Hi - a few points here:
As you say, overseas runners with no form in this country are relatively rare. However, when they do occur there are a number of common form elements that can often be used - in particular, trainer form in this country, sire and dam_sire form, jockey form and so on. Usually, there is also a form string to represent the places achieved in recent races, albeit not necessarily in this country, as well as the number of days since a previous run. Again, all of these elements are generally significant, certainly in model building, although the situation is not optimal for these particular runners.
Taking the example of the US runner Kaufymaker on the first day of Royal Ascot 2021, we have the following:
Kaufymaker
Trainer: Wesley Ward Owner: Mr Gregory Kaufman Ridden by: John Velazquez Cloth number: 17 Stall number: 3
Age: 2 (b. 2019) Colour: ch Gender: f Weight: 8-12 Bred: USA
Dam: Heaven's Touch (b. 2010) Sire: Jimmy Creed (b. 2009) Dam Sire: Montbrook (b. 1990)
Form: 1 (FlatSix) Forecast price: 5/2 Days since ran: 61
Thus the only form missing are the details of the race that Kaufymaker won when running previously at Keenland. - The other form elements are all useable.

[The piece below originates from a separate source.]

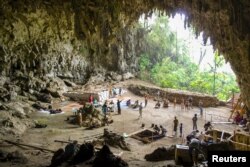 Foto ekskavasi fosil manusia purba yang disebut sebagai 'The Hobbit' di Liang Bua, Flores, 2016. (Foto: Tim Liang Bua via Reuters)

On the question of inclusion of race form from other countries, this means licensing data from other countries. All Smartform data for all racing in the UK and Ireland is licensed from official sources for the personal use of Smartform subscribers - however, it's simply not viable to do so for other countries given limited demand as the cost can approach six figures or more for full history and ongoing updates, depending on usage. An alternative would be to webscrape data from overseas racing sites, but this is not somethiing we would advocate as it is usually outside terms of use and may contravene local licences.